This is an appeal from the granting of an exception of prematurity in a legal malpractice action. The issue is whether a pending appeal in a medical malpractice action renders premature a legal malpractice action against the attorneys who represent the plaintiff in that medical malpractice action. We hold that it does and we affirm the judgment of the trial court.

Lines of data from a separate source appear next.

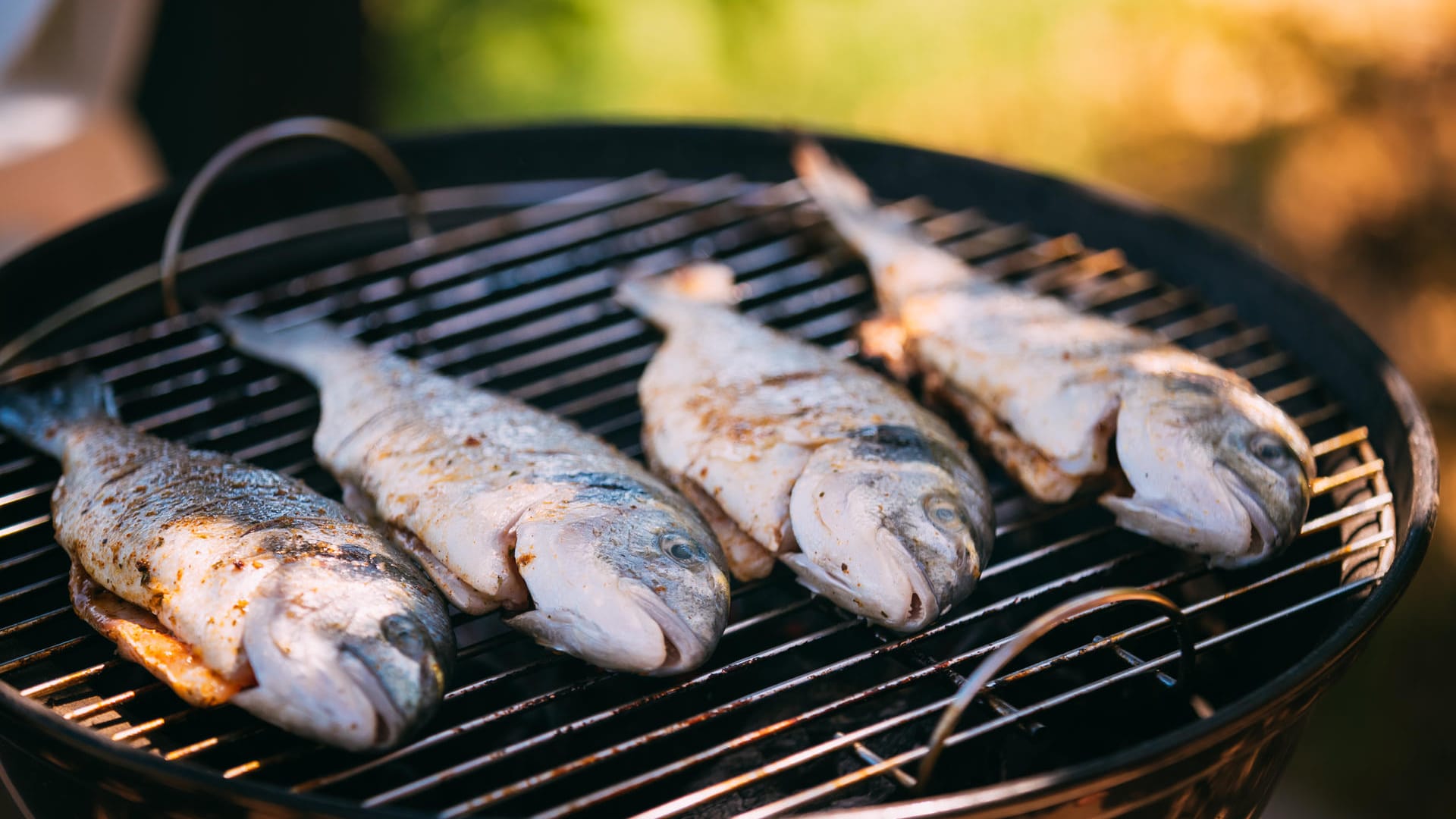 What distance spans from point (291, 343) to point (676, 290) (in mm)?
1104

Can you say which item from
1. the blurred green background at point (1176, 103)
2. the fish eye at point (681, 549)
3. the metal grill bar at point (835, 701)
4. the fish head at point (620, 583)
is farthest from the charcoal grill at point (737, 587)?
the blurred green background at point (1176, 103)

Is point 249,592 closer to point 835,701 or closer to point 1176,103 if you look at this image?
point 835,701

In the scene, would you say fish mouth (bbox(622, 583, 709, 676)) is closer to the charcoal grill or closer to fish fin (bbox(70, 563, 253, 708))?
the charcoal grill

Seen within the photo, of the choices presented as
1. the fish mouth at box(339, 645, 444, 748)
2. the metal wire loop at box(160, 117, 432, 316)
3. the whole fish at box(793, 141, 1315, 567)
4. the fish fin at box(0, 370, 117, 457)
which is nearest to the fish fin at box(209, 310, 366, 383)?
the metal wire loop at box(160, 117, 432, 316)

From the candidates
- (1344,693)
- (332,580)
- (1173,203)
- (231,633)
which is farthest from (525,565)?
(1173,203)

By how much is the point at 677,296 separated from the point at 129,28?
3.86 meters

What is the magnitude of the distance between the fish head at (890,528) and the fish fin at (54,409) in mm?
1795

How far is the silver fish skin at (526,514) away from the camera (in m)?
2.22

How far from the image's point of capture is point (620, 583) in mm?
2209

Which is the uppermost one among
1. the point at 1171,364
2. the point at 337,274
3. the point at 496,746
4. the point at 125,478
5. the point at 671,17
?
the point at 671,17

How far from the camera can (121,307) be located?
352 cm

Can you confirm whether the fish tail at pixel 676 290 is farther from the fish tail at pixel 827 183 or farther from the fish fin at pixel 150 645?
the fish fin at pixel 150 645

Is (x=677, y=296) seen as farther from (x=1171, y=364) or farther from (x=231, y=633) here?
(x=231, y=633)

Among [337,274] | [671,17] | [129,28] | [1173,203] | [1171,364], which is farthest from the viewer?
[671,17] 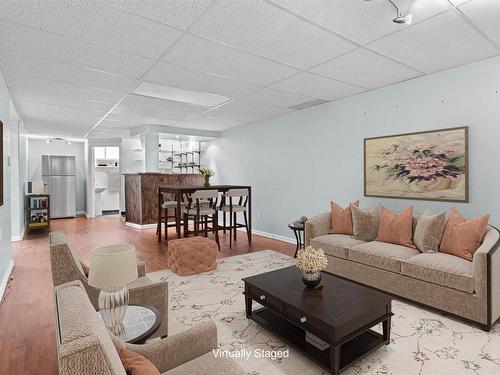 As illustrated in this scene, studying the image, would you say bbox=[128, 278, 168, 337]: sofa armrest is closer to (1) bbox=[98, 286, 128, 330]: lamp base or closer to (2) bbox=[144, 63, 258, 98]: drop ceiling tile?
(1) bbox=[98, 286, 128, 330]: lamp base

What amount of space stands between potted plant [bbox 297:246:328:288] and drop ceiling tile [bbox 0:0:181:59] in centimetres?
225

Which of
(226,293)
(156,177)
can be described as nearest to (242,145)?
(156,177)

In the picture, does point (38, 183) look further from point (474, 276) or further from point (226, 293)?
point (474, 276)

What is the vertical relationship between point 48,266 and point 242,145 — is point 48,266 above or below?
below

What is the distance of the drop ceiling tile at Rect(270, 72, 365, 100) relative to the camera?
3799 mm

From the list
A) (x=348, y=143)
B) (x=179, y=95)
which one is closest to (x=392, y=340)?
(x=348, y=143)

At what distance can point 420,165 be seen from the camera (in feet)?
12.3

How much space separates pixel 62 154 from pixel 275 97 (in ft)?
Result: 28.6

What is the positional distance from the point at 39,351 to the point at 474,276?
365 centimetres

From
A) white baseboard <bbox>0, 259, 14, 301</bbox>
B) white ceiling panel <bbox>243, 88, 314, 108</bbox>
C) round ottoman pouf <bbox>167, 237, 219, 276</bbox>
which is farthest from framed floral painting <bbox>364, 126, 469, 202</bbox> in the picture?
white baseboard <bbox>0, 259, 14, 301</bbox>

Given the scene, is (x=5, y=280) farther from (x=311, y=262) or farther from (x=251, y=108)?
(x=251, y=108)

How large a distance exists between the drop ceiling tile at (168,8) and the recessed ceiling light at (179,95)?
5.85ft

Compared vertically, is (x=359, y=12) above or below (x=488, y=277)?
above

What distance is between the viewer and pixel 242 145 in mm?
7180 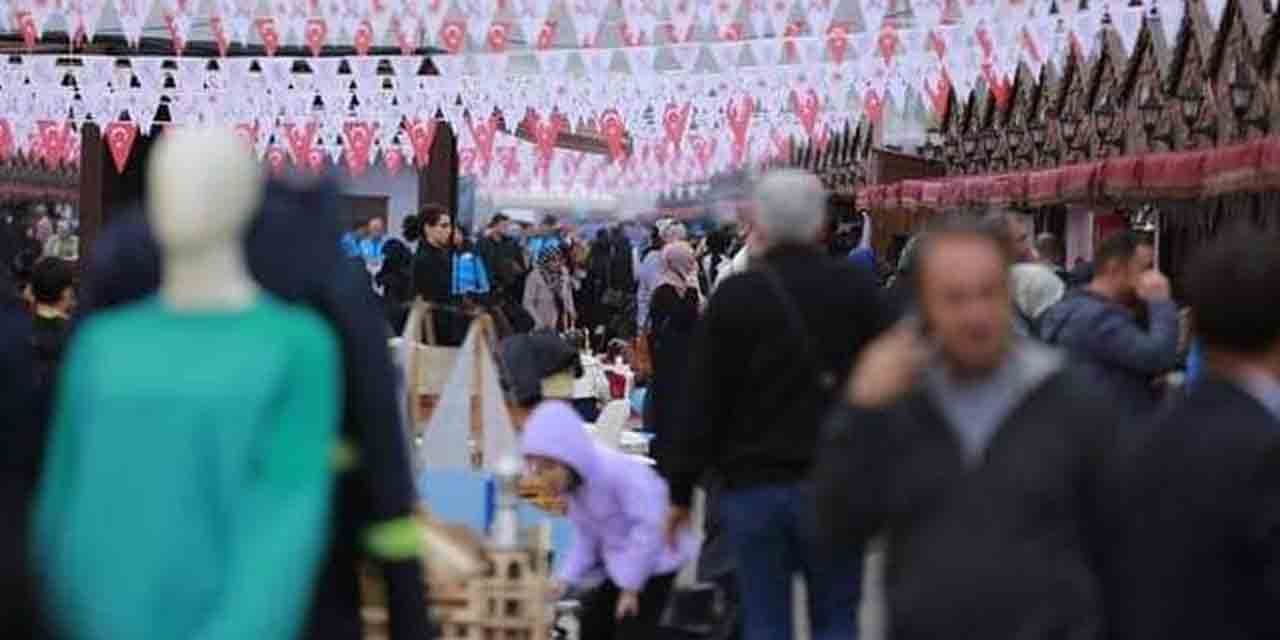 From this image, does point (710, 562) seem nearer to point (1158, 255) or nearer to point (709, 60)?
point (1158, 255)

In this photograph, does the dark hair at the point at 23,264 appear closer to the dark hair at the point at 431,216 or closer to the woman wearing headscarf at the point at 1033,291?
the dark hair at the point at 431,216

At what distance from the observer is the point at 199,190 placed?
3.92 meters

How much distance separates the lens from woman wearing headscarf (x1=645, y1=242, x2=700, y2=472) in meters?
10.9

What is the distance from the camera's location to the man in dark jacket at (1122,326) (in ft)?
26.1

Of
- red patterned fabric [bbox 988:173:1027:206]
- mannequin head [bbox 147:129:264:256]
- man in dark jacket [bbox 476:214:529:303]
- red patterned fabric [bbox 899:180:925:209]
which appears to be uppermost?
mannequin head [bbox 147:129:264:256]

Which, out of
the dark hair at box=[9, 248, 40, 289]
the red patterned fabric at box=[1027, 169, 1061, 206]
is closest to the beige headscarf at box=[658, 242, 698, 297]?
the red patterned fabric at box=[1027, 169, 1061, 206]

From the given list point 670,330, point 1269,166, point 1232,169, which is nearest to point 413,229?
point 670,330

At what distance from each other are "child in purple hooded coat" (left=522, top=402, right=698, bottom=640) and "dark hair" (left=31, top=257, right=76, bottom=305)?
3163 mm

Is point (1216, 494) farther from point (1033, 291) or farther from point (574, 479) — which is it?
point (1033, 291)

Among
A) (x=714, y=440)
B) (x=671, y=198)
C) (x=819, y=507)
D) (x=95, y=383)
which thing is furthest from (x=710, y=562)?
(x=671, y=198)

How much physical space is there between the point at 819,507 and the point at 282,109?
19.3 metres

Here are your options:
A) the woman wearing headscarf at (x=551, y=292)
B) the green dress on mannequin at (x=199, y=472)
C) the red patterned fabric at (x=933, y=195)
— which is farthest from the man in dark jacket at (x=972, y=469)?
the woman wearing headscarf at (x=551, y=292)

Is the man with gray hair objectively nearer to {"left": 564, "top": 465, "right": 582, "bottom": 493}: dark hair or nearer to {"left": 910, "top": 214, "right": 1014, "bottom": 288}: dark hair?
{"left": 564, "top": 465, "right": 582, "bottom": 493}: dark hair

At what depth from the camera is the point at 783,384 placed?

The defendant attorneys, Richard H. Barker, IV and Harry J. Boyer, Jr. represented the plaintiff, Valerie Jure, in a medical malpractice action. Jure's petition alleges that the medical malpractice action has been, at least in part, unsuccessful and that this lack of success is due to the alleged negligence of Barker and Boyer. Jure's petition further alleges that Barker and Boyer continue to represent her in the appeal filed in the medical malpractice action. Barker and Boyer filed an exception of prematurity in the present action. They based their exception on the pendency of the appeal in the medical malpractice action. The trial court granted that exception dismissing Jure's malpractice action.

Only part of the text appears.